River Grass Knife, Reworked

December 3, 2010

River Grass Knife was the first blade that I forged.  Made in 2004 from high-carbon steel, its blade and handle have the graceful curves that develop naturally as the steel is hammered thin on one edge (for the blade) or drawn out (for the handle).  At the time, I had no belt sander to speed up the polishing process, so after removing the firescale with a wire brush, I left it “as forged” and wrapped the rather rough looking handle with thin brown leather.  I added beads and ornaments to the simple loop at the end of the handle.

River Grass Knife OLD

It is a good ritual knife but I also used it for hacking through woody prickly pear stems.  But most of the time it hung protectively on the wall of my room with the blade facing the door.

I recently removed the worn leather wrap, polished the handle and the spine of the blade on the belt sander, drilled and carved three decorative holes in the handle, and sharpened the blade.  The holes and the polishing helped to reduce the weight of the handle, and the knife now balances much better and feels good to hold.  The surface of the blade retains the pebbly, shallowly pitted texture that it developed while being forged.  The only ornament is a simple square-knotted hemp loop with tassel.  The hemp is a bit rough but it matches the very primitive look and style of this knife.  The knife is 17 inches long and the hemp ornament is 9 inches long, and is now for sale so I won’t be cutting any more prickly pears with it.  (UPDATE:  SOLD on 12/06.)

River Grass Knife NEW


4 Responses to “River Grass Knife, Reworked”

  1. woley said

    I don’t know if you’ve ever tried tablet weaving Lorena but I’m going to learn it in addition to the weaving I’m doing on my new rigid heddle loom.

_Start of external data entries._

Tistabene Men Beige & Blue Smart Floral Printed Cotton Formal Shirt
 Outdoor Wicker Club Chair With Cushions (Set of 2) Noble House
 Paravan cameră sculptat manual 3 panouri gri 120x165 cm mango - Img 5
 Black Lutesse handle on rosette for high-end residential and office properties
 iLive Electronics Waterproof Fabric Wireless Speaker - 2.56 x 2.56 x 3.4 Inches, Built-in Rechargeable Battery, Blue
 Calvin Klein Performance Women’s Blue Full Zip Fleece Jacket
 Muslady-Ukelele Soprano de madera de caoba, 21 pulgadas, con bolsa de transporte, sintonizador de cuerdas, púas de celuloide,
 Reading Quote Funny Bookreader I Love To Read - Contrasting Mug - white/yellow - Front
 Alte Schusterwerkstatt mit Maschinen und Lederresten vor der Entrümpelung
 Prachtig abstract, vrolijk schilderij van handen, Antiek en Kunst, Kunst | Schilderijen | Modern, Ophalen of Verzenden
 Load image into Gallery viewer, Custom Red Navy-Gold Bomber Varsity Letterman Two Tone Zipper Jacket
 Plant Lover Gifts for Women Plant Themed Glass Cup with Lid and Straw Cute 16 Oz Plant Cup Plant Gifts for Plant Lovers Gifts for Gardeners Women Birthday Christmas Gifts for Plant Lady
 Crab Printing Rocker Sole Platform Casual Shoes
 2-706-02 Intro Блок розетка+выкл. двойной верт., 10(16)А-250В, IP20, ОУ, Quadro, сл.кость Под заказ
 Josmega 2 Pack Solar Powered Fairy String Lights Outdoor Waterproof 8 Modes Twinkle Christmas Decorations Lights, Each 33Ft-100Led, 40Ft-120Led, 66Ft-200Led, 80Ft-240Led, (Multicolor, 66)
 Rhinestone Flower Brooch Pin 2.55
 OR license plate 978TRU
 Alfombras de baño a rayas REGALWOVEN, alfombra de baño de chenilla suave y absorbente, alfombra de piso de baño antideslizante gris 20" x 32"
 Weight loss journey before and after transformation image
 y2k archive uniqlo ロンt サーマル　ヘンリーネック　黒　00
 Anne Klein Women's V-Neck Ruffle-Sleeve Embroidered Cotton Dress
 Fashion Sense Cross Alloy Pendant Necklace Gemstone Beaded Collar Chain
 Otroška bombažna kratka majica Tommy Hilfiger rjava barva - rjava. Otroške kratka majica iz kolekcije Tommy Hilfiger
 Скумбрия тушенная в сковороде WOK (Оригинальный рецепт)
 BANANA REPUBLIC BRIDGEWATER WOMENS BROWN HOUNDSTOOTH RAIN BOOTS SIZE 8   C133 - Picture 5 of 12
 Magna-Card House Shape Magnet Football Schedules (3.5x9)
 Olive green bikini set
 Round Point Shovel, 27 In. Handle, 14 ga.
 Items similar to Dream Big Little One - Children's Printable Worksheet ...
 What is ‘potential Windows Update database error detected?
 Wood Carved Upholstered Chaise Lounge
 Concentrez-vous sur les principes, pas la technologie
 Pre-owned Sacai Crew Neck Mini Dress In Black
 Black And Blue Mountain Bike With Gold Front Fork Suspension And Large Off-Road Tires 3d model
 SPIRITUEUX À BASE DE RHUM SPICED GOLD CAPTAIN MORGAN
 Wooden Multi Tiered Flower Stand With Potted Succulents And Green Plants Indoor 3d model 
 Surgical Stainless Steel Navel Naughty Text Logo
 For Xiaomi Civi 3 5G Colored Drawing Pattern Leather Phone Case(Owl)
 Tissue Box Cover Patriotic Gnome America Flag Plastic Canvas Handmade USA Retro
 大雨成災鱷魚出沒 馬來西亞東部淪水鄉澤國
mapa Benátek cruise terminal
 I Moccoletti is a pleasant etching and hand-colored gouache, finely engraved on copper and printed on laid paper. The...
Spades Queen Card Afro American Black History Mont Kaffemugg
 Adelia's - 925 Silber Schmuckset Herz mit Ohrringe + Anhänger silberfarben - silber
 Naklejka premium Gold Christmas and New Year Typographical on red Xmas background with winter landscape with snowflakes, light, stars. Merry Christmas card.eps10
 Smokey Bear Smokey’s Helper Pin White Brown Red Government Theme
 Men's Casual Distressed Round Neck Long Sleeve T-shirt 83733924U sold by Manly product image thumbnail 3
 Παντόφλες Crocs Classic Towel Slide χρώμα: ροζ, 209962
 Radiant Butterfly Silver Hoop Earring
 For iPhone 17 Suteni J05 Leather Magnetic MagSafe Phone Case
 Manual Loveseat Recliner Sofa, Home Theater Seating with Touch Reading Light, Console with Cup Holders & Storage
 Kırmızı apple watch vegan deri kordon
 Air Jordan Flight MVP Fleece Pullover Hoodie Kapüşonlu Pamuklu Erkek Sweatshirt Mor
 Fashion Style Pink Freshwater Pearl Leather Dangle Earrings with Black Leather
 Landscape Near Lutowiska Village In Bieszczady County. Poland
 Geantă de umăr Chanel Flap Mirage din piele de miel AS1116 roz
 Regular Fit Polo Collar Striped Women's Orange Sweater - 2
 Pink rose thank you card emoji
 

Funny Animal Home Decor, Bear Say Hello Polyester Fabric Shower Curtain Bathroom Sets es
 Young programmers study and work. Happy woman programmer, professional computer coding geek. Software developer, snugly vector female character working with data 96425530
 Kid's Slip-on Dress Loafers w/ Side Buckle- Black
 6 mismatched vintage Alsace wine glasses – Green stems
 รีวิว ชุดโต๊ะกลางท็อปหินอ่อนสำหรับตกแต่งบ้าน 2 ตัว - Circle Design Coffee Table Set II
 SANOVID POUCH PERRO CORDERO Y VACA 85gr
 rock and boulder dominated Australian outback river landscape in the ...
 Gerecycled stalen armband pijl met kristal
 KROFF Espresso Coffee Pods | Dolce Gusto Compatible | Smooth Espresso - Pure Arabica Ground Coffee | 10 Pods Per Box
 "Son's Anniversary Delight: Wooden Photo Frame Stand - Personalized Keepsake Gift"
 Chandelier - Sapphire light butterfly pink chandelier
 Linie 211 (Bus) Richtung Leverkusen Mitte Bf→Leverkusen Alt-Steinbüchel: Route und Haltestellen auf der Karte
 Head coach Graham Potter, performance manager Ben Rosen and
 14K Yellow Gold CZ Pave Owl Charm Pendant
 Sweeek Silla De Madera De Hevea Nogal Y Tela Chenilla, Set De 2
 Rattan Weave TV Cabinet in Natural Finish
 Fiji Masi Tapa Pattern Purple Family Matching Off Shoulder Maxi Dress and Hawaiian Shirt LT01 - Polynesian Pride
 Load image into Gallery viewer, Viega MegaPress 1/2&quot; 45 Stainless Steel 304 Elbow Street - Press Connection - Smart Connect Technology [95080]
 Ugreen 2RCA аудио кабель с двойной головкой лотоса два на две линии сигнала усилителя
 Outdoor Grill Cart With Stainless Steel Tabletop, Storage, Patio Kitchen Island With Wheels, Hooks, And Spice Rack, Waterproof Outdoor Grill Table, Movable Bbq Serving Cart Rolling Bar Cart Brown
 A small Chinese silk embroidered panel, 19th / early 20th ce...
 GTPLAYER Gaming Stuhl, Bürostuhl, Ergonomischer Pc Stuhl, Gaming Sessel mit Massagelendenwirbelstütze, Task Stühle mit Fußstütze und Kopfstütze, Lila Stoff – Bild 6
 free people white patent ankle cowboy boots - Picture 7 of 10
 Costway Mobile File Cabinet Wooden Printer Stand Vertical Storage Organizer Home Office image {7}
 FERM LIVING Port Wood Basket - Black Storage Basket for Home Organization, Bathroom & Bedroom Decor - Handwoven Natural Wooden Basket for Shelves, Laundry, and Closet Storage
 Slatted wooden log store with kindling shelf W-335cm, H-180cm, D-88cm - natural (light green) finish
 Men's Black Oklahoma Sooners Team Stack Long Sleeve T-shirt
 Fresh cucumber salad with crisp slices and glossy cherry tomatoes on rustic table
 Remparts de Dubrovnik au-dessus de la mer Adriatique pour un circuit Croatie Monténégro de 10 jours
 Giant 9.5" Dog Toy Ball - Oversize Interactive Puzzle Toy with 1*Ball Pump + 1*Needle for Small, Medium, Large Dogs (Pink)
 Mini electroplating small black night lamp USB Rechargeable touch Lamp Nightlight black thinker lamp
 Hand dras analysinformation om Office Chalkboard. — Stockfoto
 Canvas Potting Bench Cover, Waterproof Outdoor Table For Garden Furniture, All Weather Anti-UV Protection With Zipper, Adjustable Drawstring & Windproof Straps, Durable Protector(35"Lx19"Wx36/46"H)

My aim with the tablet weaving is to eventually use finer threads for drawstrings and straps on bags or necklace bases, or pair it with regular weaving.

    It strikes me, since it is an ancient art, that it would look very apt as accents on your metal work. You can hand dye threads too to get the look you want.

  2. ironwing said

    I’ve done bobbin weaving (an English kiddie tradition, not much used in the U.S., especially since the demise of wooden spools), inkle loom weaving, and briefly considered making kumihimo cords for some of my jewelry…but the bottom line is that I’m not that much of a fiber person (making my own clothes absorbs most of my enthusiasm for that sort of thing) and it’s a very expensive hobby compared to metalworking. And with 12 cats to care for, my daily shop/studio time is already spread too thin, between too many different projects and media.

    The tassel is plain old macrame square knots, made with doubled cords (2-3mm hemp) with a wrap to secure them. Loose ends are all knotted. It’s stiff, strong, and heavy.

  3. woley said

    I love macrame precisely because it is plain and you can see the texture. I made some lovely earrings with ceramic Chinese beads on a very fine black cord of half knots.

    Someone just sent me some foam kumihimo disks so I’m going to try that with the cord I have for macrame which is just under 1mm thick.

    I couldn’t afford an inkle loom, I understand what you’re saying about the expense of it all!

    I saw a woman at a forum with 3 hallways stuffed with yarn from her “stash” and she was still buying–thousands of dollars just sitting there. I just like enough to be able to have a colour palette to choose from.

  4. Lorena,

    watching your iron artworks, I feel much similarity
    with mines.
    It really makes me happy every time I see it when I’m googling.